**Available data**
[Start of section]

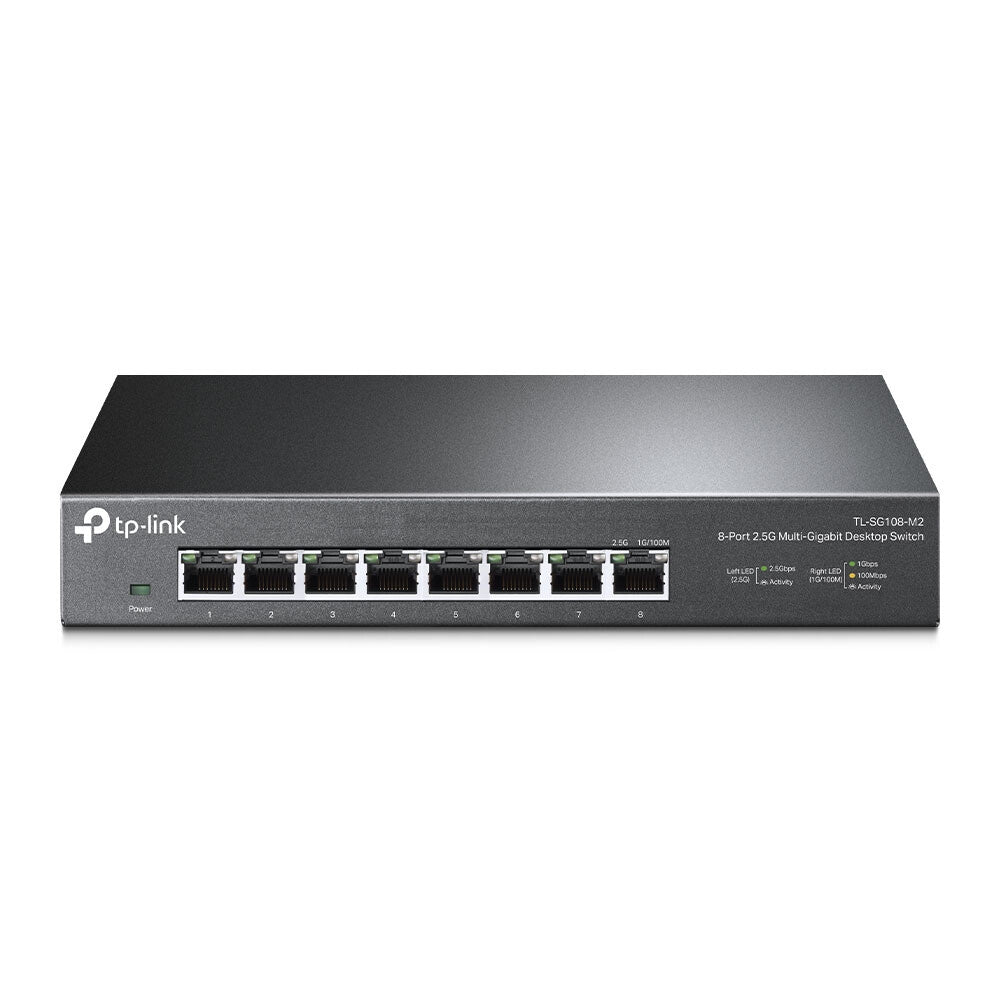 TP-Link 8-Port 2.5G Desktop Switch - image 2
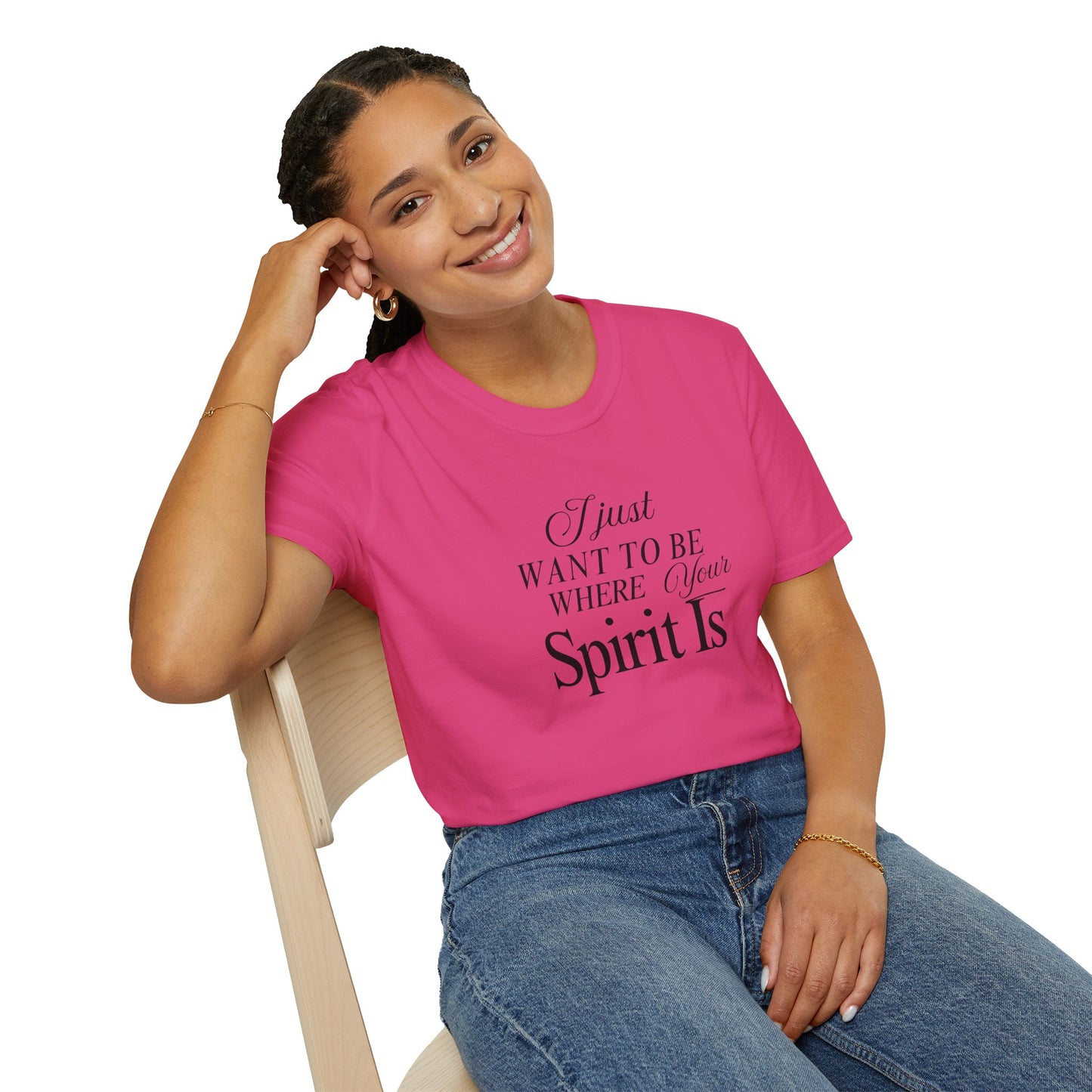Unisex Softstyle T-Shirt - Where your spirit is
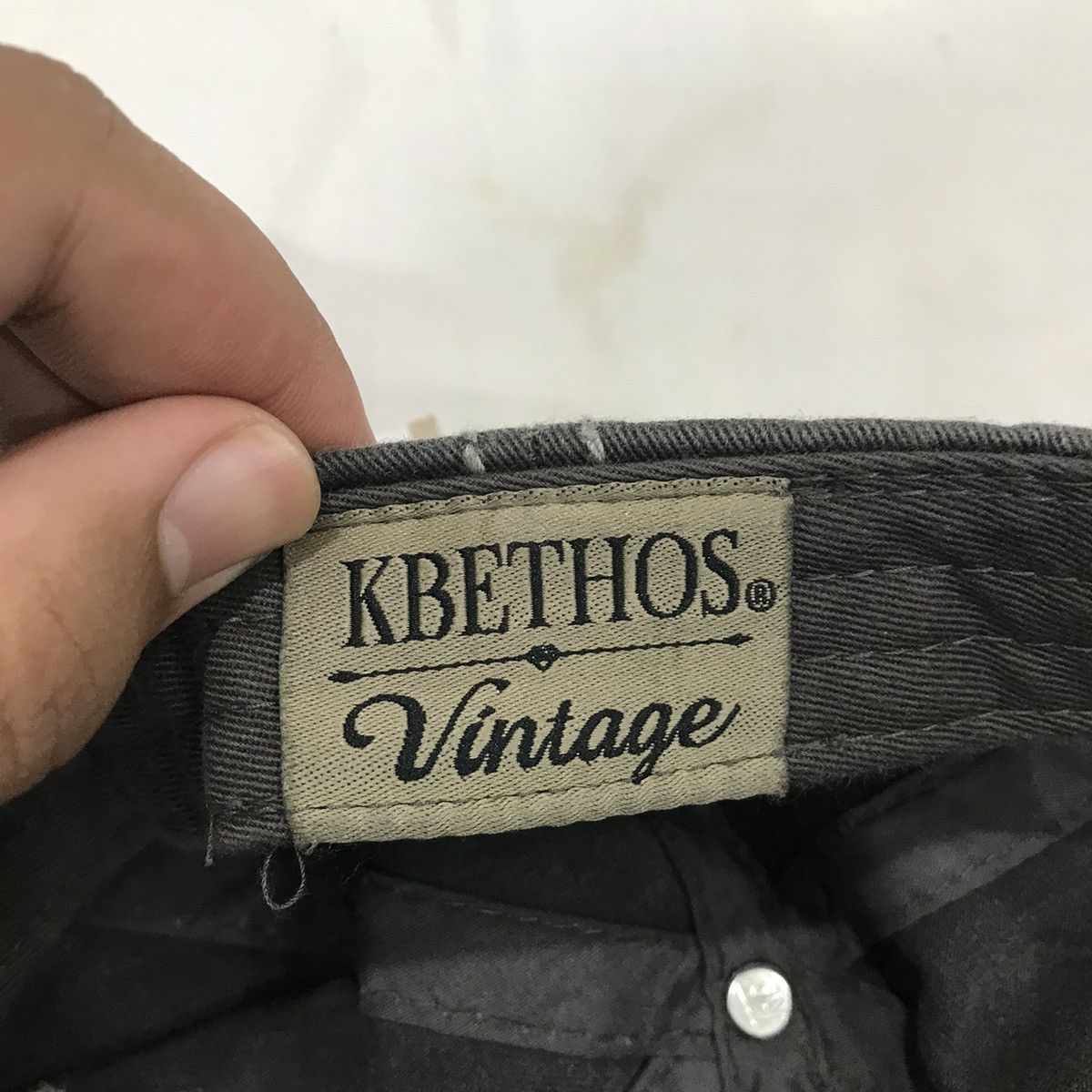 Designer KBETHOS Vintage Just a Country Girl Distressed Hats Caps Size ONE SIZE - 9 Thumbnail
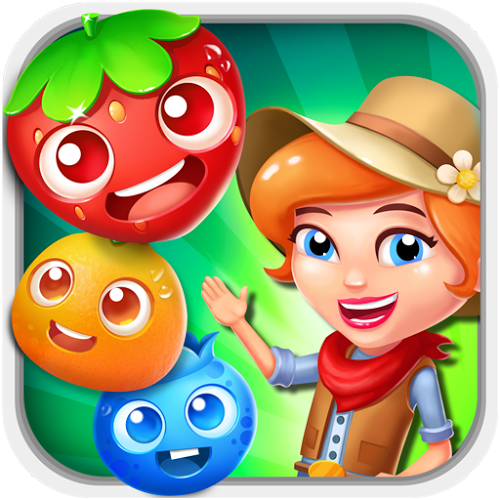 Logo Fruit Splash Story Ícone Logo Fruit Splash Story Ícone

[End of section]

**Task to complete**
Down to the last line, set down the data above exactly, and omit all images.

**Result of the task**
 TP-Link 8-Port 2.5G Desktop Switch - image 2
Unisex Softstyle T-Shirt - Where your spirit is
 Designer KBETHOS Vintage Just a Country Girl Distressed Hats Caps Size ONE SIZE - 9 Thumbnail
 Logo Fruit Splash Story Ícone Logo Fruit Splash Story Ícone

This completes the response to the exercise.